Cabe aqui a assustadora revelação de que temos retornado cada vez mais à tese do “fim da história”, de Francis Fukuyama[7]. Com a queda do muro de Berlim, Fukuyama alavancou o capitalismo ao posto de sistema econômico vencedor, decretando a morte de todas as alternativas que ousaram lhe contestar, em especial, as experiências socialistas ao redor do globo – com a queda do muro simbolizando a derrocada final do Socialismo Real da URSS. Para o autor, o colapso soviético seria a prova final de que o capitalismo é de fato o único sistema econômico que, apesar de suas evidentes “imperfeições”, é capaz de manter uma mínima “ordem social”. Não sendo de fato aquilo que desejamos, mas superior às alternativas que já foram tentadas.

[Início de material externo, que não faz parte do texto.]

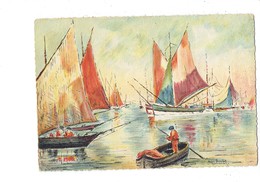 Cpsm - Illustration LA BELLE BRETAGNE - Calme Du Soir - Bateau Pêche Pêcheur - J. NOZAIS N°6 - BROUILLOT André - Pesca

Mark Fisher desenvolveu o conceito de Realismo Capitalista[8] exatamente nesse sentido, descrevendo como o sujeito neoliberal está cooptado por este realismo fatalista, incapaz visualizar o rompimento com a lógica da exploração capitalista como um horizonte possível. Por óbvio, o fundamento desta subjetividade está na própria condição do presente, de um mundo em frangalhos, com oportunidades escassas e no aguardo do colapso ambiental.

Esta é a verdadeira tragédia desta geração, quanto mais ameaçada passa a ser nossa existência, caímos cada vez em um estado mais profundo de apatia. De fato, internalizamos o slogan thatcheriano “there is no alternative”. Aceitamos o destino que o capital, em sua ânsia inesgotável por acumular, traçou para nós. A mentalidade comum agora é a de “fazer o meu, pois as cartas já estão dadas e não posso mudar o mundo sozinho”. Ou ainda, aos que veem no fim dos tempos um copo meio cheio, “se o mundo está acabando, vamos viver tudo que há para viver!” Uma espécie de neo carpe diem pré-apocalíptico? Talvez. Mas o fato é que se no passado a injustiça nos levava para as ruas, hoje até um pequeno embate com o tio fascista no jantar de família é um desgaste desnecessário e inútil. Para que se indispor por uma luta perdida, certo?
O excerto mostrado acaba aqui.